About this task
For the data that follows, return each line unchanged and drop the pictures.

Data extract

────

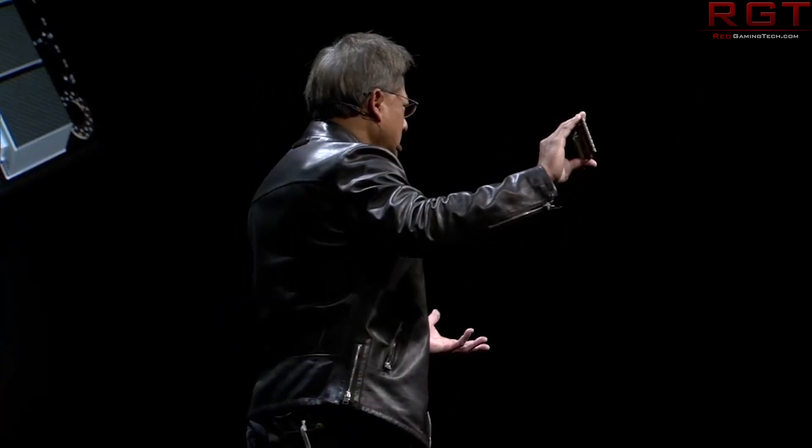With all of that said, hopefully you have enjoyed the video. I shall see you soon, good sir or good lady. Take care, bye for now.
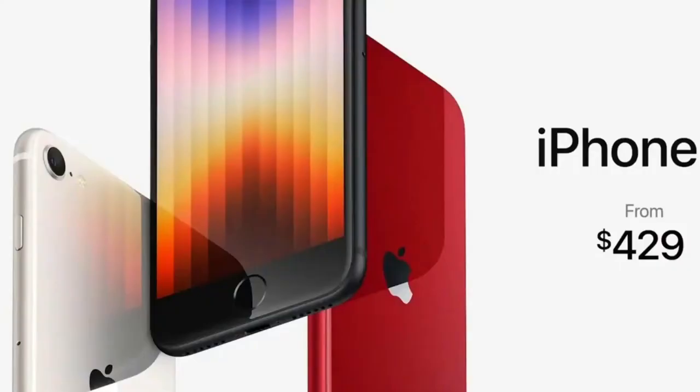The first iPhone SE was released on March 31st, 2016, and it was the first generation iPhone SE, considered the 9th generation of iPhones. Its design resembled the iPhone 5S and featured a better battery life, better performance, and a better fingerprint ID.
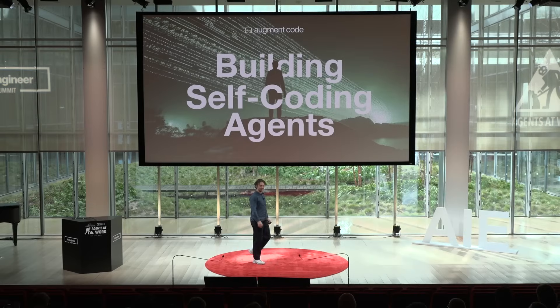Hi everyone, thanks for coming today. I want to talk to you about something that sounds like science fiction, but very much is reality: an AI coding agent that helped build itself. My name's Colin, I'm an AI researcher at Augment Code, a company building AI-powered DevTools for software engineering orgs, and I want to share a little bit about our journey working on AI coding agents.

────

Written answer
With all of that said, hopefully you have enjoyed the video. I shall see you soon, good sir or good lady. Take care, bye for now.
The first iPhone SE was released on March 31st, 2016, and it was the first generation iPhone SE, considered the 9th generation of iPhones. Its design resembled the iPhone 5S and featured a better battery life, better performance, and a better fingerprint ID.
Hi everyone, thanks for coming today. I want to talk to you about something that sounds like science fiction, but very much is reality: an AI coding agent that helped build itself. My name's Colin, I'm an AI researcher at Augment Code, a company building AI-powered DevTools for software engineering orgs, and I want to share a little bit about our journey working on AI coding agents.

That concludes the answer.